Modeling Spinal Cord Injury With CRISPR CAS 9?
sCrRNAs, TracrRNA, Cas9 restriction enzymes were taken. sCrRNAs are designed in a way that the restriction enzyme recognition sequences can overlap the Cas9 cut site. For in vivo testing a mix of sCrRNAs, TracrRNA, Cas9 enzymes (CrRNAs targeting exon 1), and fast green dye each at 1 μl ratio is injected into the yolk of single-stage cell embryos. For generating stable mutants CrRNAs targeting sites tgfb 1a, tgfb 3 were taken, tnfa, sparc, cst 7 were targeted with respective strands of sCrRNAs to get a larger deletion. Our desired traits are identified and crossed with wild-type genes. All spinal cord lesion assays were performed on an F3 heterozygous incross.

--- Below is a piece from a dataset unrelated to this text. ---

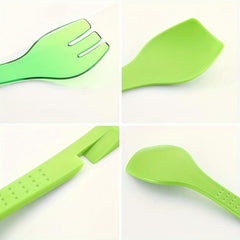 Detachable Food Tong Green Salad Tong Spoon Spork Kitchen Gadget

Parameters To Analyse Which Pro-inflammatory Cytokine is Responsible for Spinal Cord Injury Regeneration:
Restriction fragment length polymorphisms (RFLP), Allele sequencing, Hexb activity assay, Immunohistochemistry on whole-mount larvae. After we have done spinal cord injury and compound incubation. At last, we have done behavioral assay and at last RT-PCR.
With the help of already available information in cytokines involved in inflammation we focused on tgfb 1a and tgfb3 . We found that tgfb1a as a regulator of post-injury inflammation helps us to understand how inflammation is rapidly resolved to promote recovery. Thus we conclude that immune reaction is essential for spinal cord regeneration. This discovery may help researchers to invent drug compounds to cure rare neurodegenerative disease, also on enhancing recovery state of spinal cord injury patients.